AN ORNITHOLOGIST’S GUIDE TO LIFE

Stories

by Ann Hood

Pub Date: July 19th, 2004
ISBN: 0-393-05900-6
Publisher: Norton

Debut collection of 11 humorous, heartfelt stories by novelist Hood (Ruby, 1998, etc.), with characters who find small, determined ways to shock the bourgeoisie in and around Providence.

The opener details a nutty affair between a 40-ish, teetering-on-the-wagon divorcée and the reverend who “saves” her. “Total Cave Darkness,” which chronicles the pair’s summer road trip across the country, brings into play all of Hood's marvelous skills: her quirky characterization, stylistic intelligence, and adroit timing combine to produce an ending that the reader feels in the gut. Elsewhere, while her people always come brilliantly to life, the author often spoils her delirious effects by forcing a pat conclusion. “The Rightness of Things,” for example, pursues the deepening of an acquaintance between two young mothers, one married and one divorced, but ultimately disappoints when they fall out over conflicting ideas of sexual political correctness. “New People” has a similarly strained twist as it depicts the hot summer affair between middle-aged Marjorie, a longtime resident in the neighborhood, and her parvenu yard-boy. “Inside Gorbachev’s Head” pursues another cross-generational romance, between Brown student Elliot and his mother’s friend Georgia, while also tracing a bizarre network of relationships and adoptions. “Joelle’s Mother,” told in the first-person plural, revisits the painful prehistory of a family of sisters through the presence of their father’s previous wife’s daughter.
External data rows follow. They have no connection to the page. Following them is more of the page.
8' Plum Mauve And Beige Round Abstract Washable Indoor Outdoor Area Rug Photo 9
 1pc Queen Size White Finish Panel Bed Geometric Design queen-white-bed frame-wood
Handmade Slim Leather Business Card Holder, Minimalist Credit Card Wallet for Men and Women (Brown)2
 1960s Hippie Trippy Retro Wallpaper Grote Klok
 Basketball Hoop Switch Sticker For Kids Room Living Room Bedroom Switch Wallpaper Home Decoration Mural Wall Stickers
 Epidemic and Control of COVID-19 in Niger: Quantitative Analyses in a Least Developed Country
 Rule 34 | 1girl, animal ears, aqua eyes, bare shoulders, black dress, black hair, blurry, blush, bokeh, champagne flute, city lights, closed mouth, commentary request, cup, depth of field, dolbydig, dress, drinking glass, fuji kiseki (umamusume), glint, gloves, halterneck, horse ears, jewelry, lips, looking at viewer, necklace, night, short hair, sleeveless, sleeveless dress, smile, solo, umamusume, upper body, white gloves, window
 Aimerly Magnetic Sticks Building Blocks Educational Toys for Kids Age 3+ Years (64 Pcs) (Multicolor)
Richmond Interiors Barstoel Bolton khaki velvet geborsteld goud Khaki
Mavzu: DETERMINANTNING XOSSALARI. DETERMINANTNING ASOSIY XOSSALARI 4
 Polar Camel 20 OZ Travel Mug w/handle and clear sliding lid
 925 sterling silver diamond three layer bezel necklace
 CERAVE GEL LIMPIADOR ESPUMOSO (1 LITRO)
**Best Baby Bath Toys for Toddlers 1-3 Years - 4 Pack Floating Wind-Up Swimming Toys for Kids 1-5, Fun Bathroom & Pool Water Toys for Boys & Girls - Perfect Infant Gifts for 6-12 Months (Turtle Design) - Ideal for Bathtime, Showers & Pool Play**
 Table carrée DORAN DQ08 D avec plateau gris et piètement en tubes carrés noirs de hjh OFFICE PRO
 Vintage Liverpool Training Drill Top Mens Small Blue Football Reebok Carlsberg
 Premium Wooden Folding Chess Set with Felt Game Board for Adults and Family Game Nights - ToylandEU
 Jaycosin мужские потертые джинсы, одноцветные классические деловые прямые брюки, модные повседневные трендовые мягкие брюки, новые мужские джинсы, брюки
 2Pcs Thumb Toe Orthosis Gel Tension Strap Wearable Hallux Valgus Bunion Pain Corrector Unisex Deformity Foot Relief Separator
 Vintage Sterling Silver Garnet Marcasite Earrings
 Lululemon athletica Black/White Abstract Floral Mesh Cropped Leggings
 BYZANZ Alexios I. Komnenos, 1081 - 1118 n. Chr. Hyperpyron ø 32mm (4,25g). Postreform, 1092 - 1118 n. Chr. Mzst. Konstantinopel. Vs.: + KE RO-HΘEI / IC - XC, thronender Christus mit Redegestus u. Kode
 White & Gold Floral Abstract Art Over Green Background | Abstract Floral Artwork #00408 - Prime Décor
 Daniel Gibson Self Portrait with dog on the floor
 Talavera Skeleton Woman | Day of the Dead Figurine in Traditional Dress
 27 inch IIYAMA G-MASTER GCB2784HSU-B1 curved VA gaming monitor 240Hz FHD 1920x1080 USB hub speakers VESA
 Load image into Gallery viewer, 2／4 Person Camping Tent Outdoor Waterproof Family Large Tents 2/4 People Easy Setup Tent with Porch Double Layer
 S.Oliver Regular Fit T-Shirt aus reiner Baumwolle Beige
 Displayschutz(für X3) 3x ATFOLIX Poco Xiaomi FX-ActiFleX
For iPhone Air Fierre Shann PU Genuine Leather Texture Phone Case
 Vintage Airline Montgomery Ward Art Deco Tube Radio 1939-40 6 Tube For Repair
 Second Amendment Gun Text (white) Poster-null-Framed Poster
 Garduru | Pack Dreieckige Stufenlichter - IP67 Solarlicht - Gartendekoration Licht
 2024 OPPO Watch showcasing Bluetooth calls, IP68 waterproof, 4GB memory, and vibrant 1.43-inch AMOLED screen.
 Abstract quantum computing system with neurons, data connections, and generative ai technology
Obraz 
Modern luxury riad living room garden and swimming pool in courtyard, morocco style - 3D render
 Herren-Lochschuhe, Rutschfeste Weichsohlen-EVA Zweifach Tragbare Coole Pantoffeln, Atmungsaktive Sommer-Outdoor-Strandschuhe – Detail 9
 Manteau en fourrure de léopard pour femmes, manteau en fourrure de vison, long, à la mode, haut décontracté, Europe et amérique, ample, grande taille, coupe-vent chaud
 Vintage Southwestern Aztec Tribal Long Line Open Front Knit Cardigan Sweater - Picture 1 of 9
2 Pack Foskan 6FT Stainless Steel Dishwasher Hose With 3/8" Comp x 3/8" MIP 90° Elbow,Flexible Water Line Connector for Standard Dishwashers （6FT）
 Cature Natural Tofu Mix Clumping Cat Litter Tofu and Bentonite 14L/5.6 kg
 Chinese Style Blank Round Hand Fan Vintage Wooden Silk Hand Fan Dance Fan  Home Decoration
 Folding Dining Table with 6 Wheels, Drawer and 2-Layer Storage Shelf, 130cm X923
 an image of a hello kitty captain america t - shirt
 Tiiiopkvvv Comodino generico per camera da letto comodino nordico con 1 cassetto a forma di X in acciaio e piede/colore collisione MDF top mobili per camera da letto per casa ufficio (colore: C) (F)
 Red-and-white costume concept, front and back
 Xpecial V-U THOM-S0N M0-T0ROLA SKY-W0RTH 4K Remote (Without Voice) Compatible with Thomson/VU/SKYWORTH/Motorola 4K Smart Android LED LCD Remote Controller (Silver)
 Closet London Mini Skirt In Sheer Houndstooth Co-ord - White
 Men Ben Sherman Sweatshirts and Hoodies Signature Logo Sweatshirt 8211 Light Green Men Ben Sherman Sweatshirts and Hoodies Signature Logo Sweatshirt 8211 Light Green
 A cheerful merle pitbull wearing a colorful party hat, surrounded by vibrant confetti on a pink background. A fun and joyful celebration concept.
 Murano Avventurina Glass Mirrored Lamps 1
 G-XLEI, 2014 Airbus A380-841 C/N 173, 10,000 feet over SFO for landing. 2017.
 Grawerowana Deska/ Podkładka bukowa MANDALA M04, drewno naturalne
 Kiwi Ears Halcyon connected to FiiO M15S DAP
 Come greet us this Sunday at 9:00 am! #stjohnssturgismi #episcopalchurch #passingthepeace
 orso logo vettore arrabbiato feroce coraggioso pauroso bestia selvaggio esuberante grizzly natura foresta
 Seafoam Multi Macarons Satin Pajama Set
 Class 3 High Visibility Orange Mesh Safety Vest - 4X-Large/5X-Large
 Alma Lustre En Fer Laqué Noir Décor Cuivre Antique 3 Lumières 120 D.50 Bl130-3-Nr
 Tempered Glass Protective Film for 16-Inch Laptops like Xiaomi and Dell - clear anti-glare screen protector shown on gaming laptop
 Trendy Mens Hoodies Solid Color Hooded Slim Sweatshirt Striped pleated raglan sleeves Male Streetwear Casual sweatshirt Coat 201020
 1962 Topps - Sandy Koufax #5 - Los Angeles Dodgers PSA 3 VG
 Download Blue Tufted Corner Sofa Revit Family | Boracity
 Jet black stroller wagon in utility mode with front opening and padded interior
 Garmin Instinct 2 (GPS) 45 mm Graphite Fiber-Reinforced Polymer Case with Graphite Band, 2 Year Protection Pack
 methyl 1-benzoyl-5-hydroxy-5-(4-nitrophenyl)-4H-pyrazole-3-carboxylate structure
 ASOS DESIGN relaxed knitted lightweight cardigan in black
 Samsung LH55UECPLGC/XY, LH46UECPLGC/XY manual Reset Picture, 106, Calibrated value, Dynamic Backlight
Men don’t necessarily behave well in these stories, particularly not fathers, who frequently desert or cheat on their wives (pregnant or otherwise), as in “After Zane.” Hood strikes a more elegiac tone in “The Language of Sorrow,” which shows a 78-year-old woman’s memories of her dead son being revived by her visiting grandson’s similarly self-destructive behavior, and in the title story, a lovely description of an 11-year-old girl watching the behavior of birds and adults as she comes of age in 1974 in Park Slope, Brooklyn.

A strong, fine collection overall, if not consistently stellar. (Many of these pieces first appeared in The Paris Review, Glimmer Train, etc.)